Defelice Domenico – Resurrectio (Viaggio nel dolore)

Resurrectio (Viaggio nel dolore)

Prima di entrare nel merito del contenuto di “Resurrectio”, il nuovo libro di Defelice che si aggiunge alla sua copiosa produzione, devo evidenziare l’accurata veste tipografica e le note introduttive di Vittoriano Esposito, Maria Grazia Lenisa e Sandro Gros Pietro, che svelano (ognuno a suo modo) l’intento dell’autore. Quest’ultimo lavoro è la testimonianza di un momento particolare della sua vita: l’esperienza vissuta nel doversi sottoporre ad un intervento chirurgico. Il viaggio inizia nell’ambulatorio medico dove apprende l’agghiacciante notizia. Da qui il poemetto si snoda nelle tappe di un calvario, che fortunatamente però finisce con una risurrezione. Ma non si deve pensare che Defelice c’imponga tutto il peso del suo dramma personale, incupendoci per la gravità della tematica, anzi, al contrario, è riuscito ad elaborare una poetica talmente ironica che alle volte fa addirittura sorridere.

La sua bravura sta proprio nell’aver saputo trattare la poesia in maniera sperimentale, che fa giustamente dire a Sandro Gros Pietro: “…Il poemetto diviene uno scrigno di rara bellezza, creatività, emozione, intelligenza, garbo e malizia poetica…”. Solo una grand’esperienza e maturità possono dare certi risultati.

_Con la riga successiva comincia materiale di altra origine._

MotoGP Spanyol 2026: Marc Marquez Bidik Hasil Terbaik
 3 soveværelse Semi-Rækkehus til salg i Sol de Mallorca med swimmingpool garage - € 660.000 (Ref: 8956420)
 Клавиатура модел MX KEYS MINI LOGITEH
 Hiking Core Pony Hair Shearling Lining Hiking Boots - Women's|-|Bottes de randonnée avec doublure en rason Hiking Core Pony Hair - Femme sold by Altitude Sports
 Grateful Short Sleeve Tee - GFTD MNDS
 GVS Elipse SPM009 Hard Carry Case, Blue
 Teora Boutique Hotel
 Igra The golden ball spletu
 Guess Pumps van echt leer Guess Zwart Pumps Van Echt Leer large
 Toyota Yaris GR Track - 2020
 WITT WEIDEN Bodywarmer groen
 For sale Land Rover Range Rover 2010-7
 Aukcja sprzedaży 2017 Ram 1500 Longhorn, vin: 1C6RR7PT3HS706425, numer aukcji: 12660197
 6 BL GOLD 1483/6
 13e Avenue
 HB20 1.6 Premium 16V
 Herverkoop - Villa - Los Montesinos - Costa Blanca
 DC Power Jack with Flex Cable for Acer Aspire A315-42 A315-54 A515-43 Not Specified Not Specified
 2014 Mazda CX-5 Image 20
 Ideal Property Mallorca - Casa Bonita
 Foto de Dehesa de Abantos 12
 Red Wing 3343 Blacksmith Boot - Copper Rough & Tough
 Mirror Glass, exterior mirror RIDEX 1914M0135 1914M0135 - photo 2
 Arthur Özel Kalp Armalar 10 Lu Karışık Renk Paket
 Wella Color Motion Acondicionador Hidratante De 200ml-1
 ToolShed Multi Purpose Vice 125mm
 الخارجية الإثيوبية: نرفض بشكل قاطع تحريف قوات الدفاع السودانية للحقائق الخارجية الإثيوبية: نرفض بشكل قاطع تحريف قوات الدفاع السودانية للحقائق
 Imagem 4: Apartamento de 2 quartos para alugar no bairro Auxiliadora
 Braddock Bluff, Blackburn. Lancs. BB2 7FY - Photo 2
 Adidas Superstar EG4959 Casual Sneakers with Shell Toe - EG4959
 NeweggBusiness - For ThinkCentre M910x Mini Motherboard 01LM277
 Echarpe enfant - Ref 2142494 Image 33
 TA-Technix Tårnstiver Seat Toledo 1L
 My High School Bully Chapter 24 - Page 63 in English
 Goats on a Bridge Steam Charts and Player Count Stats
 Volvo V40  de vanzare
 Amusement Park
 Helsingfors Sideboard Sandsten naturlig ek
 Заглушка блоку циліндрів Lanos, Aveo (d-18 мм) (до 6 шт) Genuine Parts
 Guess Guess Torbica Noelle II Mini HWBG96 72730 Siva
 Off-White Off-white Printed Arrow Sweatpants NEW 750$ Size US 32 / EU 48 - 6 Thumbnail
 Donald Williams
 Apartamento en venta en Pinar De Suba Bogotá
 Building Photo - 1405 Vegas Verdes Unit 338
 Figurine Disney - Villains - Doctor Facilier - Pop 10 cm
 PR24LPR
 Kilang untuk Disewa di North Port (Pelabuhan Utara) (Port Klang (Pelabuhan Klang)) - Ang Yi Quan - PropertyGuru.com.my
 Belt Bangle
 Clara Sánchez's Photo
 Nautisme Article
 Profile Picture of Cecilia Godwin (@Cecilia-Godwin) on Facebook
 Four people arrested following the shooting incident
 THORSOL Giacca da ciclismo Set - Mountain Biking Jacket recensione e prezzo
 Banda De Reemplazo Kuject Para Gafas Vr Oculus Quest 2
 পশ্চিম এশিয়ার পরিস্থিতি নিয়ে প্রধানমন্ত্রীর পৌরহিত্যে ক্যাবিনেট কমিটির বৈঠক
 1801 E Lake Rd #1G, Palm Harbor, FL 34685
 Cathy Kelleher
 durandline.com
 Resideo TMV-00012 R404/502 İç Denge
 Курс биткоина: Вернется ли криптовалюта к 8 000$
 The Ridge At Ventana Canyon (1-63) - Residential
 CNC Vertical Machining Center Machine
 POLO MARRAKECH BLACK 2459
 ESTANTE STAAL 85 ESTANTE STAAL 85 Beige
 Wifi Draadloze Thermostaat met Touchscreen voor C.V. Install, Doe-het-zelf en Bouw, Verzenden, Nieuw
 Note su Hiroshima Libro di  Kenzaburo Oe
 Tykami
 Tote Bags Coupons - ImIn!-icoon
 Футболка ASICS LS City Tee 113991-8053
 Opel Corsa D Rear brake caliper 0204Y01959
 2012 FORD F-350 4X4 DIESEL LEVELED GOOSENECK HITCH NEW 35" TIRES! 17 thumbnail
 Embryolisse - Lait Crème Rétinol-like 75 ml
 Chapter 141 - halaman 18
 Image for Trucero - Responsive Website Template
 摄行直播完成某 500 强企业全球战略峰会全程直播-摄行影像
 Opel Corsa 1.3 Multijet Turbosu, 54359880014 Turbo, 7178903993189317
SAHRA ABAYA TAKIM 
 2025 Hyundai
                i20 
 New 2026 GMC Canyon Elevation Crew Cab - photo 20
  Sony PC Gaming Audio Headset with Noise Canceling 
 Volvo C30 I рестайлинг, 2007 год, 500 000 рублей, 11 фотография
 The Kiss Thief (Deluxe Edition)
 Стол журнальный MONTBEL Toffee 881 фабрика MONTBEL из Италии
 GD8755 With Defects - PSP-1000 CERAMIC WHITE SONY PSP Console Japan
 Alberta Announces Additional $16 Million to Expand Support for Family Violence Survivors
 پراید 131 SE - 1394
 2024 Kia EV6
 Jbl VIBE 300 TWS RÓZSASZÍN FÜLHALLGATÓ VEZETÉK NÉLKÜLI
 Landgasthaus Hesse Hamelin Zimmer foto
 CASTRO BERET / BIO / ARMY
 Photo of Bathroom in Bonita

Con un tono diretto ed incisivo ci fa entrare nel magma della sanità italiana, elencandone tutti i difetti e relative mancanze. Già dal primo impatto (la prima visita), si nota il distacco con il quale il medico tratta il paziente: “Il dottore è irraggiungibile / dietro il tavolo d’acero massiccio, / difeso ai quattro spigoli / da volti inquietanti di Gorgone.”, e l’insensibilità con la quale emette la “sentenza”. Via via il ritmo accelera fino a diventare un sussulto e tutto s’ingarbuglia, tanto che l’ospedale diventa un’officina e gli uomini divengono macchine (a questo punto anche il linguaggio diventa incomprensibile). Con l’incalzare delle immagini e delle emozioni si entra in una realtà allucinante, esaltata da un ironico acume: “Il tecnico palleggia / un pomello di gomma./ E’ alto e grosso, / baffo alla D’Alema, / cornuti capelli alla Mosé / con in mano le Tavole fumanti.” .

Pur nella drammaticità del percorso, Defelice è attento alle varie sfumature dell’ambiente che lo circonda, e non gli sfugge nemmeno la “femminilità” delle infermiere che nonostante tutto lo attraggono risollevandogli un po’ il morale: “…Muovendosi, / la sua coscia distacca la mia mano / dal gelido bordo del lettino. / Contatto d’un istante, ma mi basta. / Il suo calore umano / è vigore che risuscita, / una vera dolcezza conturbante.” Inoltre, la voce del poeta non è unica, poiché i vari personaggi inclusi nel poemetto parlano, anzi, dialogano e si muovono con un risultato d’immediatezza teatrale. Solo al termine vi è un momento di rilassamento, nel quale la scrittura si distende, ed è quello appunto della “Resurrectio” dopo la sua personale Via Crucis. E solo i volti dei suoi cari “Clelia e i nostri figli han gli occhi lucidi” possono fargli considerare di nuovo l’importanza di esistere “Finalmente qualcosa di umano”.

Quest’ultima fatica di Defelice è un’ulteriore attestazione del vivere odierno, ed è una nuova severa condanna; per chi ha avuto la sfortuna di dover subire un intervento è un rivivere assieme a lui ogni singola stazione.